Aprendemos a desconfinar com o manto da segunda vaga (covid-19) como cenário eventual.
O mundo intenta lidar com um problema do qual ninguém tem memória nem sequer é comparável, nem há verossimilhança possível, por exemplo, com outras crises económicas.
O infortúnio (global) que se perspetiva no presente imediato (e no próximo futuro) resulta da urgência sanitária para preservação das respostas dos sistemas de saúde. Neste sentido, fruto deste cuidado e mitigação, é possível implementar medidas de apoio (incentivo comercial e de confiança dos consumidores) para um regresso ao (novo) normal (seja lá o que isso for).
Não partilho da ideia romântica (que se propagou durante os dias de quarentena) de que no final disto tudo (cujo desfecho é incerto) ia #ficartudobem. Não vai.
Nem toda a população passou (e está a passar) por este tempo da mesma forma, na medida em que há quem não tenha perdido rendimentos e está ‘entediado’ com o confinamento (forçado), noutro sentido, temos empresários e empreendedores que fecharam e perderam a sua carteira de negócios (de um dia para o outro) e assistimos a muitos trabalhadores (em suspenso) na incógnita de saber se vão (ou não) regressar ao trabalho.
No meio deste pandemónio há sempre quem encontre mais-valias e perspective oportunidades. A nova fórmula dos gurus da economia (alimentadores de esperança virtuosa perante o desespero alheio).
Parte da nossa economia existe (e subsiste) devido ao nosso (re)encontro comunitário, do turismo à cultura. Sem um regresso a estas práticas que nos definem como indivíduos, e como sociedade, dificilmente haverá normalidade, possível (ou forçada).
E, contrariamente ao que muitos poderão ter considerado, há coisas que nunca irão mudar.

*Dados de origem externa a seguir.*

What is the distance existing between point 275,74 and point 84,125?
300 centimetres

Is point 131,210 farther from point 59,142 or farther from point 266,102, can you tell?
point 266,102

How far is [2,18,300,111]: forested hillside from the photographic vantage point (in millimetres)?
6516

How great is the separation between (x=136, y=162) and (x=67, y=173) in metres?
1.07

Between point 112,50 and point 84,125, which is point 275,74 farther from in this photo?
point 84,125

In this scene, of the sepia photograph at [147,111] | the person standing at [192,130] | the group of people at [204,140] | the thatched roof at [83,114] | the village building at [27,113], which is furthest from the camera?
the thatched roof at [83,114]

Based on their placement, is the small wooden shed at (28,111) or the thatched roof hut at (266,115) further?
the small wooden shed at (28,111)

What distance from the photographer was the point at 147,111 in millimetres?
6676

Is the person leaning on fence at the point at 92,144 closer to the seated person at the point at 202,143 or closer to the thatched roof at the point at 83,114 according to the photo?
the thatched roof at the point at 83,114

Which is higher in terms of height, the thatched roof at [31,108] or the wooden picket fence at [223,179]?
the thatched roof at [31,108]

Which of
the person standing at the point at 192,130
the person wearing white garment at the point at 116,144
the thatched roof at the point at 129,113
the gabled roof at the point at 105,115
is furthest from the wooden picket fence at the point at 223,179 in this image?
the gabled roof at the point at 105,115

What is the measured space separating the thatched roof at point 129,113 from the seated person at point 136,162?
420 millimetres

Uma parte (significativa) deste processo de desconfinamento não acontece por uma questão de saúde mas pelo regresso (necessário) da economia.
Se há coisa que (a cada dia que passa) nos parece evidente, é a de que temos de aprender a (con)viver com o vírus, com as novas regras de higienização e de distanciamento, sendo “impressionante o número de pessoas que esperam que uma catástrofe seja a oportunidade para resolver problemas” e que de forma visionária (e magnânima) proponha que se altere (radicalmente) “o modelo de sociedade”, substituindo “os valores vigentes” e alterando “os padrões de consumo.” (António Barreto, 19/04/20).
Não acredito em processos de purificação colectiva, nem no oportunismo gerado por esta pandemia para regenerarmos a humanidade. No país mais poderoso do mundo, temos o exemplo maior na (pior) gestão de uma crise (sem precedentes) através da desinformação, do divisionismo e no fomento do ódio.
Este é momento em que (aparentemente) somos todos especialistas (no conforto da timeline), local privilegiado para a disseminação de posições extremadas e de (múltiplos) ódios. Neste tempo extraordinário, a única certeza que temos é a de não ter (ou ninguém deter) certeza(s) sobre (quase) nada.
Perante o ruído (excessivo) dos ecrãs e do lead noticioso, este deveria (também) ser um tempo de reflexão, para “memória futura e “lucidez no presente”.
E para quem governa na incerteza dos dias, entre a coragem e a loucura, é necessário “uma boa dose de humildade” para benefício de “novos processos de aprendizagem que possibilitem outro tipo de abordagem à realidade” (Rui Torrinha, 24/05/20), com vista à sua transformação e calendarização (futura) no retomar da nossa vida colectiva.